What the task asks:
Write out again only the lines that run from the start of the entries to the line containing "work-stations-large-views-of-vancouver-skyline", both included.

Web page caption snippets:
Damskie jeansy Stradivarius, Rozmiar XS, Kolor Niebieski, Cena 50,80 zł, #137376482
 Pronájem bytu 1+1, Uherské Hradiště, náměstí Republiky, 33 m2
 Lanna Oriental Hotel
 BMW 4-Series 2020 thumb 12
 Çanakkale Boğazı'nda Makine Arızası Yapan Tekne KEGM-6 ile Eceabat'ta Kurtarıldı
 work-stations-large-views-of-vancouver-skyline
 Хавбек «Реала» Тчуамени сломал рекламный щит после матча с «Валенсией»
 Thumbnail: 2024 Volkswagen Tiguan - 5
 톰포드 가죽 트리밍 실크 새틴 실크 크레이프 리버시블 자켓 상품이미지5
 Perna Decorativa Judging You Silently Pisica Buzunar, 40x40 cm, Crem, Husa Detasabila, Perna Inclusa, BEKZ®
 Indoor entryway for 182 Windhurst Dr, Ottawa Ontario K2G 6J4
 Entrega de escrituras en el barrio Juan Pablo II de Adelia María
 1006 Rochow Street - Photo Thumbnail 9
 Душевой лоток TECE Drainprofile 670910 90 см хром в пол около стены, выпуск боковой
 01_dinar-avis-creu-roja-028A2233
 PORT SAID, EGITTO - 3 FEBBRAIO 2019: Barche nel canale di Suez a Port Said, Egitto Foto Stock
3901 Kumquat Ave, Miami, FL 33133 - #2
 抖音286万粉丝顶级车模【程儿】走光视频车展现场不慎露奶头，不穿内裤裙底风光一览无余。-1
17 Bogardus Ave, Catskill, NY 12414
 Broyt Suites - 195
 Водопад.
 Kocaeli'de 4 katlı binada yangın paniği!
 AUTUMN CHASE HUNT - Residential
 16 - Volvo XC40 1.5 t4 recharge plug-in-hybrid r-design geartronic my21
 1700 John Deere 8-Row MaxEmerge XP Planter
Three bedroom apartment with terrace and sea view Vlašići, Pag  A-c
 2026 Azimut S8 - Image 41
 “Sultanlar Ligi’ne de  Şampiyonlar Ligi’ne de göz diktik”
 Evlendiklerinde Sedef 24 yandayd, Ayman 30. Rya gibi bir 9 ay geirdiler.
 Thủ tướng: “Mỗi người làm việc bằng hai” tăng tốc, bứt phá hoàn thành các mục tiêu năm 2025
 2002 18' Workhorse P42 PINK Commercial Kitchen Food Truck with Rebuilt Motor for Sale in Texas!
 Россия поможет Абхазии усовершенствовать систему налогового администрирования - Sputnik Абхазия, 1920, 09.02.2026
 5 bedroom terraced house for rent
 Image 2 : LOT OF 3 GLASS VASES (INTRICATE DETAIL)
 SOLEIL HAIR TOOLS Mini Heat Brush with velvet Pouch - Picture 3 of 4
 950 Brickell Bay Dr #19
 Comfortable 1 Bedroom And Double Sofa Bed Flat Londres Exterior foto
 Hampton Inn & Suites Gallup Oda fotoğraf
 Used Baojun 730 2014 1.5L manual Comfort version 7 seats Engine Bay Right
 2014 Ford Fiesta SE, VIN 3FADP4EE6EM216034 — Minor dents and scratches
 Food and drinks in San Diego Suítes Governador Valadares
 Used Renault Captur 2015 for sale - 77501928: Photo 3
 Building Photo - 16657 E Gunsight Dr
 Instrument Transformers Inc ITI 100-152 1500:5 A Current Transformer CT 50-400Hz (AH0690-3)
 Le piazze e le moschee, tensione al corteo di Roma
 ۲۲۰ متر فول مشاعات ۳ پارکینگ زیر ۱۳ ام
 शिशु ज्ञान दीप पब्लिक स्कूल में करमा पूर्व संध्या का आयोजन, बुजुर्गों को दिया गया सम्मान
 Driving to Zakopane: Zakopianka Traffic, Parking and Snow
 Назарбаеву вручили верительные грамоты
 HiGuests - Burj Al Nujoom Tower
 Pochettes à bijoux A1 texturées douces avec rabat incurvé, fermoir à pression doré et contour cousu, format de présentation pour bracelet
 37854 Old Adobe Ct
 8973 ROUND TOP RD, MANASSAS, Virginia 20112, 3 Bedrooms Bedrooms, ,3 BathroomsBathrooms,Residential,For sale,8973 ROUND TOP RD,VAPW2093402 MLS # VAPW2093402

Answer section:
Damskie jeansy Stradivarius, Rozmiar XS, Kolor Niebieski, Cena 50,80 zł, #137376482
 Pronájem bytu 1+1, Uherské Hradiště, náměstí Republiky, 33 m2
 Lanna Oriental Hotel
 BMW 4-Series 2020 thumb 12
 Çanakkale Boğazı'nda Makine Arızası Yapan Tekne KEGM-6 ile Eceabat'ta Kurtarıldı
 work-stations-large-views-of-vancouver-skyline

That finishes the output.